BACKGROUND: As one of the leading causes of heart failure, dilated cardiomyopathy (DCM) is characterized by dysfunctional muscle contraction and enlarged ventricular chamber. Patients with DCM have been shown to respond well to immunoadsorption (IA) therapies. However, the efficacy and safety of IA treatment for DCM patients remained to be evaluated.
METHODS: This study was designed in accordance with the Preferred Reporting Items for Systematic Review and Meta-analysis. We searched the databases such as Cochrane library, Cochrane Central Register of Controlled Trials, Embase, OVID, and Web of Science from January 1990 to March 20, 2020, and performed meta-analysis using Stata MP Version 13.0.

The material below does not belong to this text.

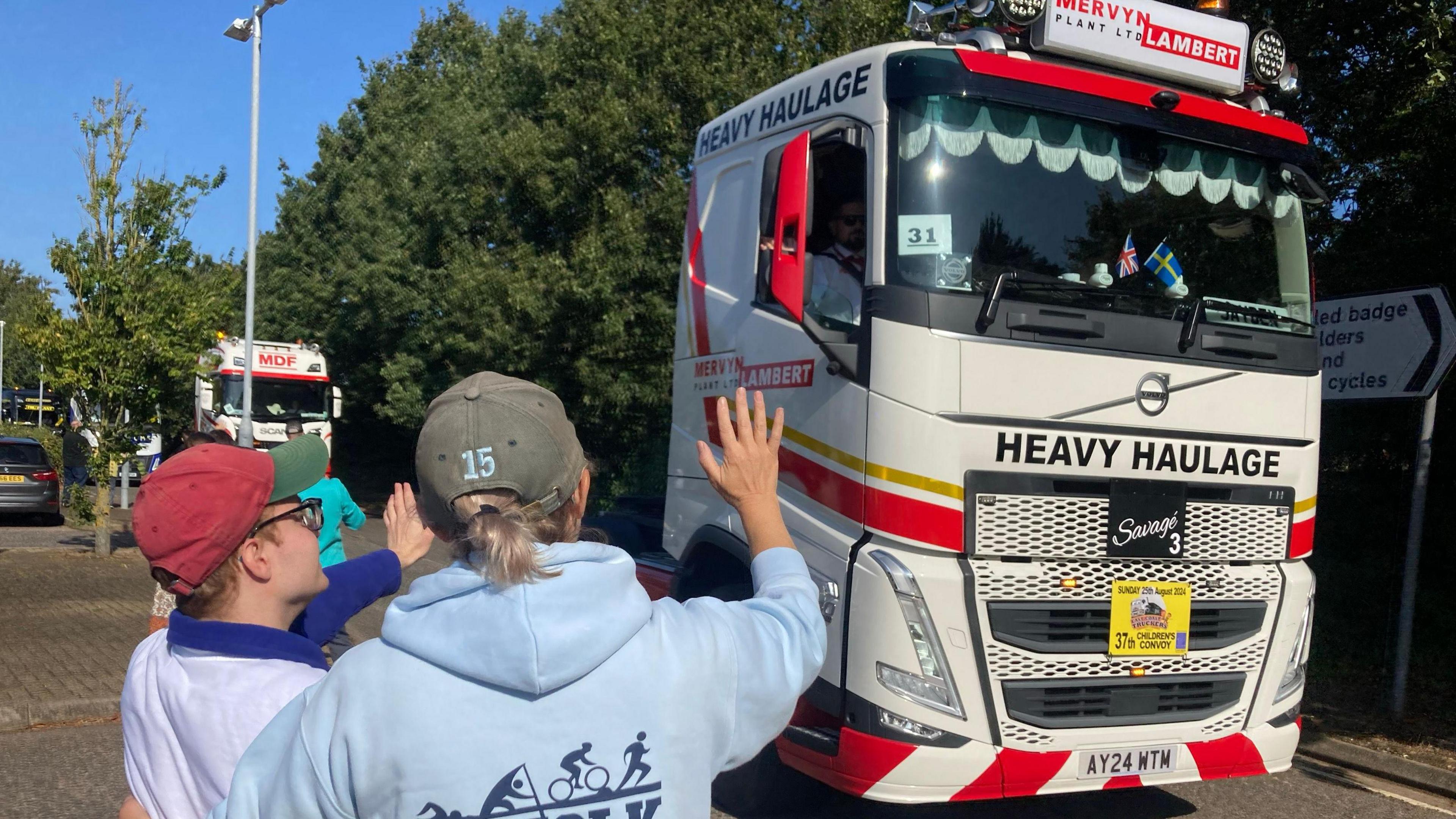 Lucy and Samuel, who are arm in arm, wave at a truck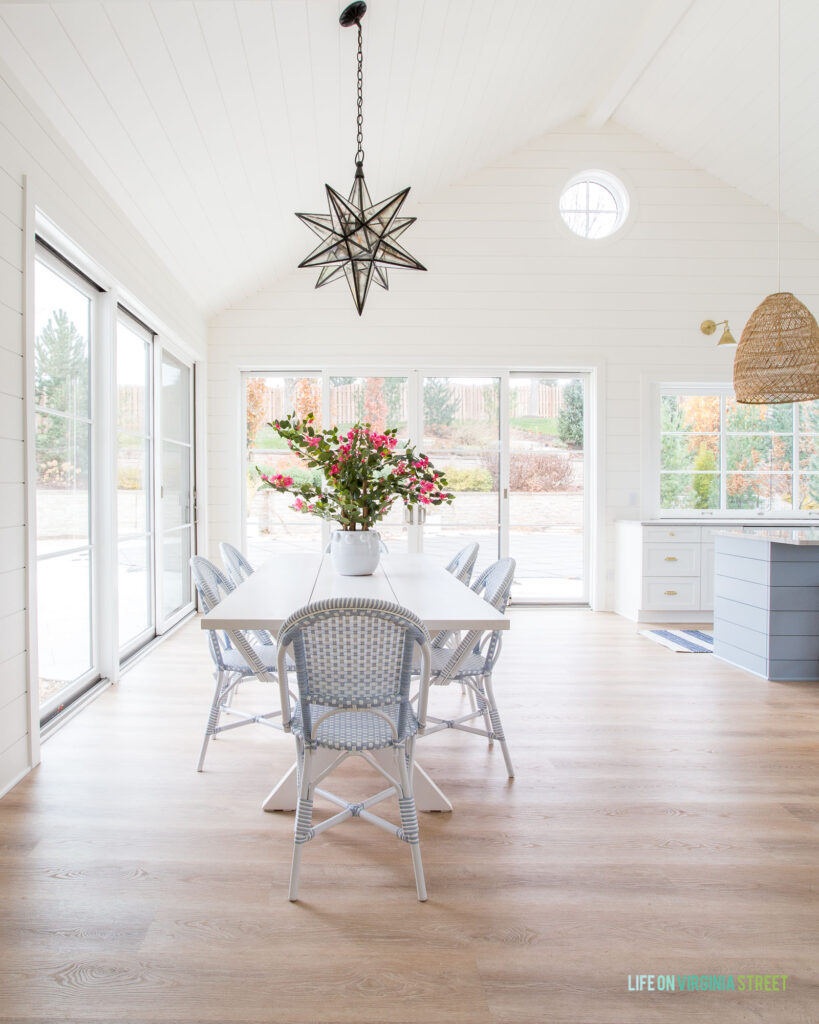 A pool house dining area with a long white picnic table, bistro chairs, light LVP floors, a large Moravian star light, white shiplap walls, and large sliding glass doors.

RESULTS: We performed meta-analysis on 12 studies that included a total of 395 patients with DCM. Overall, IA treatment significantly improved the left ventricular ejection fraction (6.01, 95% confidence interval [CI] [4.84-7.19]), reduced the left ventricular end diastolic diameter (-3.62, 95% CI [-4.06 to -3.19]), reduced severity of symptoms according to the New York Heart Association (NYHA) functional classification (-1.37, 95% CI [-1.73 to -1.02]) as compared with the controls, but had no effect on values for safety parameters (1.13, 95% CI [0.58-2.19]).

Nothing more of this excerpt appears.